Bezzecchi gesteht nach Sachsenring-Auftakt: «Musste ein bisschen leiden!»
Trotz Schmerzen schaffte Marco Bezzecchi auf dem Sachsenring den direkten Q2-Einzug. Der Aprilia-Werkspilot will in den Rennen Schadensbegrenzung betreiben und sich in der Sommerpause erholen.
Marco Bezzecchi hat den ersten MotoGP-Trainingstag auf dem Sachsenring trotz erheblicher körperlicher Beschwerden erfolgreich überstanden. Der Aprilia-Werkspilot kehrte nach seinem schweren Sturz in Assen erstmals wieder auf die Rennstrecke zurück und kämpfte sich im Zeittraining auf den achten Platz. Mit 0,602 Sekunden Rückstand auf die Bestzeit von Ducati-Star Marc Marquez sicherte sich der Italiener ebenso wie seine Aprilia-Markenkollegen Jorge Martin, Raul Fernandez und Ai Ogura den direkten Einzug ins Q2.
Dass der Freitag für den Italiener alles andere als einfach werden würde, hatte er bereits vor dem Wochenende erwartet.

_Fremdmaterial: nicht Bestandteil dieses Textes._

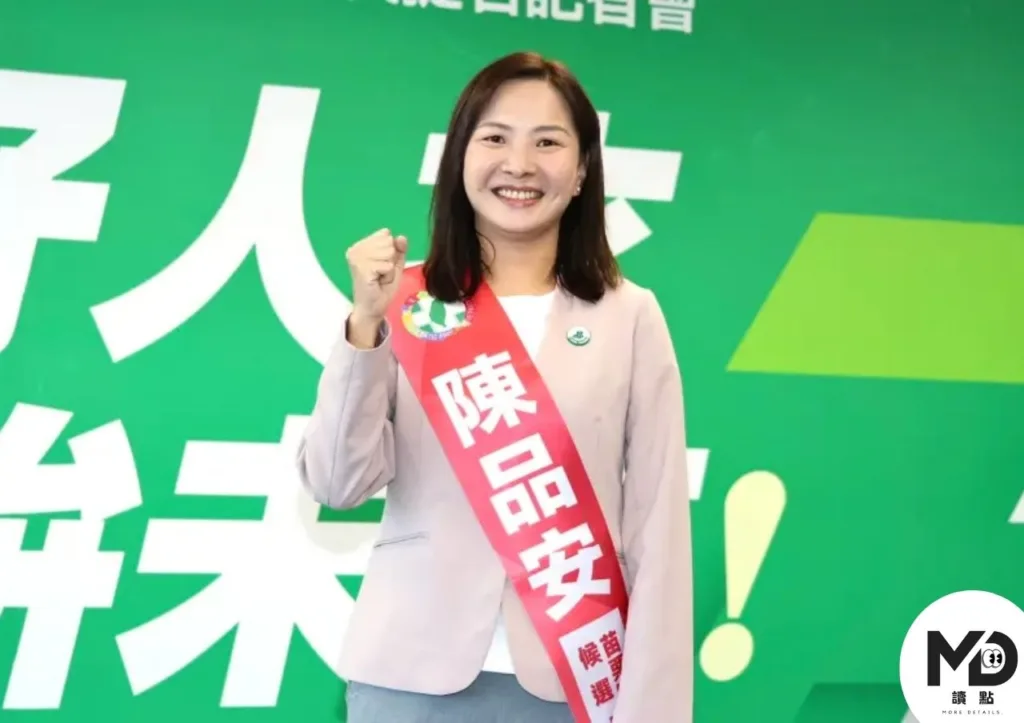 陳品安被民進黨徵召參選苗栗縣長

Nach den Belastungen auf der Strecke bestätigte sich diese Einschätzung. «Es war wie erwartet ein harter Tag und ich musste ein bisschen leiden. Es war aus körperlicher Sicht ein wirklich schwieriger Tag», erklärte Bezzecchi.

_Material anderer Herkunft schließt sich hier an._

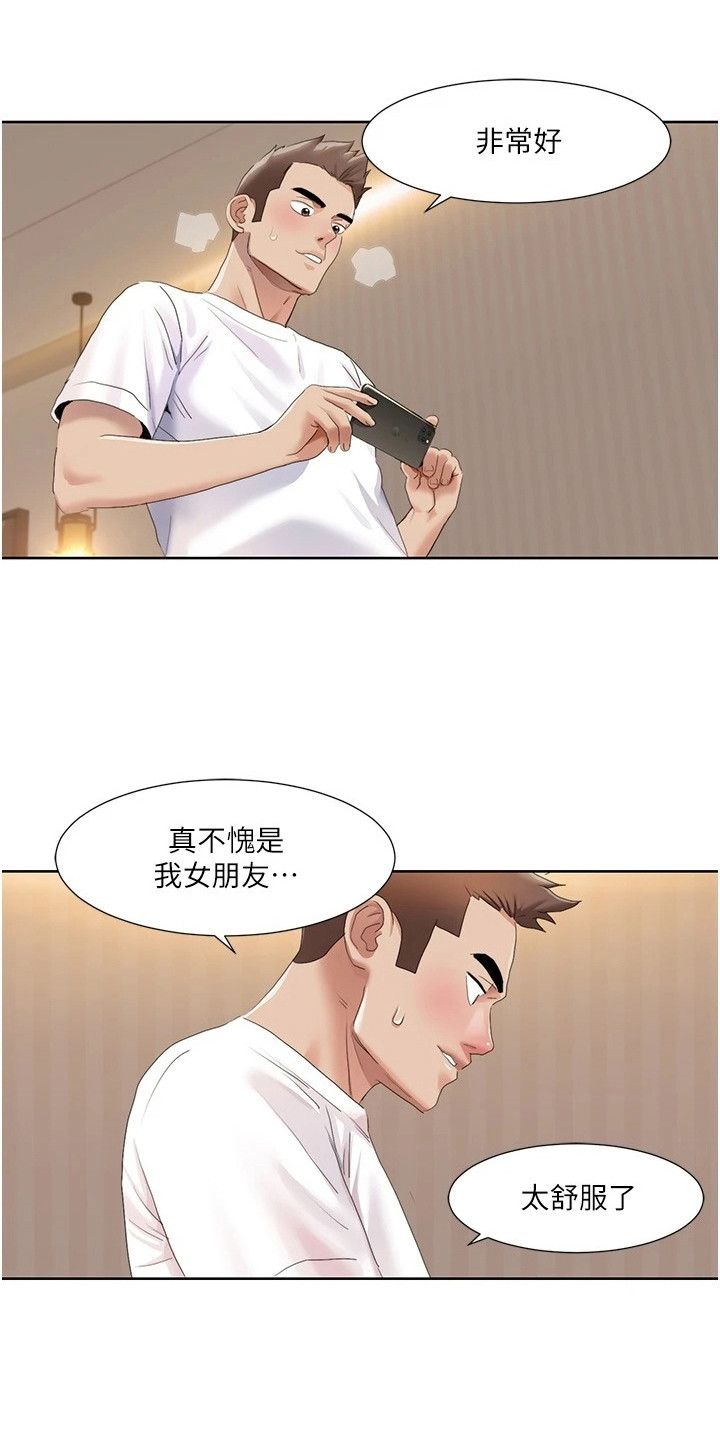 针式绝缘子图片漫画,第30话2图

Bezzecchi ging bei der Zeitenjagd an seine körperliche Schmerzgrenze
Vor allem die entscheidende Schlussphase des Zeittrainings brachte den 27-Jährigen an seine Grenzen. «Besonders bei der Zeitenjagd musste ich ein bisschen leiden», berichtete er. «Ich konnte einige gute Runden fahren, doch noch bin ich nicht konstant genug. Als ich dann zur entscheidenden Zeitenjagd überging, hatte ich bereits mit meinem Körper zu kämpfen. Doch unterm Strich haben wir unser Ziel erreicht und konnten direkt ins Q2 einziehen. Deshalb bin ich happy, aber auch das Gefühl für das Motorrad stimmt mich zufrieden.»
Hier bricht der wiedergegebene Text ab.